ASSIGNMENT :: Among the lines below, copy exactly those from the one with "Young woman with" through the one with "White hoodie with", counting both ends.

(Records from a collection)
↓

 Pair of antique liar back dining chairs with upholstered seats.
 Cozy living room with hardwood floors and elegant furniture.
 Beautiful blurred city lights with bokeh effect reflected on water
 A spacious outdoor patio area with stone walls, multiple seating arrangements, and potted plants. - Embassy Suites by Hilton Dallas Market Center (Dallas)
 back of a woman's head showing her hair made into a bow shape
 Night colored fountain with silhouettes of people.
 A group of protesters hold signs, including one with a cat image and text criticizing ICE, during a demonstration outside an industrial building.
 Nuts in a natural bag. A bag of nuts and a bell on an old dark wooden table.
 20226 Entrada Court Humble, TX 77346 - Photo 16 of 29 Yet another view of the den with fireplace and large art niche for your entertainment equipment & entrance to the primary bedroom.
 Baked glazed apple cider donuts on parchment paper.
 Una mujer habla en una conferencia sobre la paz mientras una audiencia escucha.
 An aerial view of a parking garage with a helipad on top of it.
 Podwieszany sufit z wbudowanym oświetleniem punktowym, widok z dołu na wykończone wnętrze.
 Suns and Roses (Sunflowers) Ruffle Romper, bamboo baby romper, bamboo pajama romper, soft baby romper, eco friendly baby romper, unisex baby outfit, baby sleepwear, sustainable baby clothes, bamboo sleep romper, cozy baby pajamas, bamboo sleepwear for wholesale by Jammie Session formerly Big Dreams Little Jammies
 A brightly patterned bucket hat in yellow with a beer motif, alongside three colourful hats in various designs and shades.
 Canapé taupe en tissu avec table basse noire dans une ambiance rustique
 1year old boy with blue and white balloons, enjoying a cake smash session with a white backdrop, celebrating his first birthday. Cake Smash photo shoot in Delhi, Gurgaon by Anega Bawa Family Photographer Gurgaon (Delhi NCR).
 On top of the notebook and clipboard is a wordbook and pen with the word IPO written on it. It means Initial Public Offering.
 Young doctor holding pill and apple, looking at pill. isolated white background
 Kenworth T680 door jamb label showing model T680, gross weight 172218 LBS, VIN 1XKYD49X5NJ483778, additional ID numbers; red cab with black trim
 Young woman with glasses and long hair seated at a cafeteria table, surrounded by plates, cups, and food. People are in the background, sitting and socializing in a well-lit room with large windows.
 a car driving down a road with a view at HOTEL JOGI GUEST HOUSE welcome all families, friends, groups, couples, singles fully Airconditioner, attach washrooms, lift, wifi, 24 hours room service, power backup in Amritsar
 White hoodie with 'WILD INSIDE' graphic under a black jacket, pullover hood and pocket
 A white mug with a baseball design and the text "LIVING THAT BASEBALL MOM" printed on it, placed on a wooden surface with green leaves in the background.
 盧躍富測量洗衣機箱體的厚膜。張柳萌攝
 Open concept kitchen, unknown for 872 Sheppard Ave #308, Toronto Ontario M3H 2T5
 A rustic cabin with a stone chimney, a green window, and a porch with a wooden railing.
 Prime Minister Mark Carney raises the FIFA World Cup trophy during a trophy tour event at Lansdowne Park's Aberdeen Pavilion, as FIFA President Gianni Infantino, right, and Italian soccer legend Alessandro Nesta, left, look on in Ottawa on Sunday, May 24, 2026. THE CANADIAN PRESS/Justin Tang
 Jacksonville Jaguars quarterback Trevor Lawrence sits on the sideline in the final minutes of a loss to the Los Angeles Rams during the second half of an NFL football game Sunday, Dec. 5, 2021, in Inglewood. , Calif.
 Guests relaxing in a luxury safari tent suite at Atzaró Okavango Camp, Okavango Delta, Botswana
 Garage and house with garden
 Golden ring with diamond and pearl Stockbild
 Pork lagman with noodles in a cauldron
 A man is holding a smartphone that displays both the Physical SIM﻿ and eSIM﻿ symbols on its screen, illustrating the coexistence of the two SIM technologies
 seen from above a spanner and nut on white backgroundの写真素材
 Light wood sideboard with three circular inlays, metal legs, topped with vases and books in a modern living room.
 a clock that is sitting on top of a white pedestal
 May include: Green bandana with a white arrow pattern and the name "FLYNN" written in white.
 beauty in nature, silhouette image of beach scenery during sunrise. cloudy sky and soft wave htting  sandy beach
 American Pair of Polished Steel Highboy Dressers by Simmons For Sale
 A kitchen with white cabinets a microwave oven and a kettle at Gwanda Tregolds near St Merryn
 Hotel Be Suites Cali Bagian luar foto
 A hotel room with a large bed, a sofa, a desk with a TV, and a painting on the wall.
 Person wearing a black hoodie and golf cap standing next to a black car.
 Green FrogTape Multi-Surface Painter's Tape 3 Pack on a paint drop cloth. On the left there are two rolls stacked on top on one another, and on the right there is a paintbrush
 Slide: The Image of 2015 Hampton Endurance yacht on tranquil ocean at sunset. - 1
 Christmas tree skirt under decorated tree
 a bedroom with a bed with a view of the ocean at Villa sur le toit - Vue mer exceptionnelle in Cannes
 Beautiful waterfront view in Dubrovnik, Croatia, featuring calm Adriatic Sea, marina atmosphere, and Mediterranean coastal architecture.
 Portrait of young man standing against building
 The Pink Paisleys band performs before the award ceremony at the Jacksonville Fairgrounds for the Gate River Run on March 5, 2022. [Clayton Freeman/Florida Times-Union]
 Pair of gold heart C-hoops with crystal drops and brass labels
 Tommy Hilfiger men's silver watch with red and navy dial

↑

ANSWER TO THE PROBLEM ::
 Young woman with glasses and long hair seated at a cafeteria table, surrounded by plates, cups, and food. People are in the background, sitting and socializing in a well-lit room with large windows.
 a car driving down a road with a view at HOTEL JOGI GUEST HOUSE welcome all families, friends, groups, couples, singles fully Airconditioner, attach washrooms, lift, wifi, 24 hours room service, power backup in Amritsar
 White hoodie with 'WILD INSIDE' graphic under a black jacket, pullover hood and pocket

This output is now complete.